Jan 22, 2025 Sam Redai

We’ve all been there. You start building a simple tool, the next big thing of course, but you want to keep things light, fast, and nimble-especially for your prototype. But adding postgres feels like bringing a grand piano to a camping trip. So, you settle for something “simpler.” Maybe you store data in JSON files or sprinkle your state across a few in-memory structures. Maybe you even build a small abstraction over it all, promising yourself, “When this thing gets big, I’ll swap this logic out for a real database.”

Spoiler alert: you won’t.

Let me tell you what actually happens.

The Price of “Simple”

At first, it’s great. There’s no database server to manage, no pesky SQL migrations, and no annoying pg_hba.conf to decipher. You’re flying high! Then your users, probably just your friends at first, start pushing boundaries and suddenly your app feels less like a slick prototype and more like last place at the corporate hackathon.
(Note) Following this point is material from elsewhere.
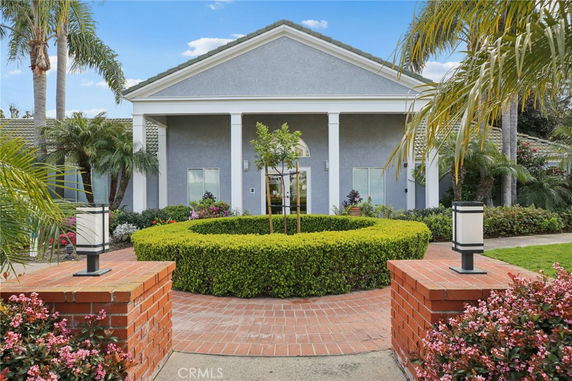 Front view of a house with columns and a landscaped entrance.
Pretty soon, you realize you’ve coded yourself into a corner. Your JSON storage doesn’t scale. Debugging is impossible. That clever in-memory solution loses everything when the app crashes (and it will crash). And worst of all, you’ve built core (very core) features around these hacks. By the time you introduce a real database, it’s like trying to retrofit a Mazda with wings from a piper warrior—it looks ridiculous, it doesn’t work, and you’re questioning every decision that led you here.

Big Fat Postgres

You see, postgres doesn’t have to be that heavy. These days, you can embed it directly into your application in pretty much any programming language. That means all the power of a relational database, none of the “install this, configure that” drama. Your users don’t even need to know it’s there and you can get right to the point and develop your application without cutting corners.

Take Go, for example. The github.com/fergusstrange/embedded-postgres library is great for embedding postgres directly into your app. No separate server, no setup headaches, just raw SQL power at your fingertips. Let’s see how this works in practice.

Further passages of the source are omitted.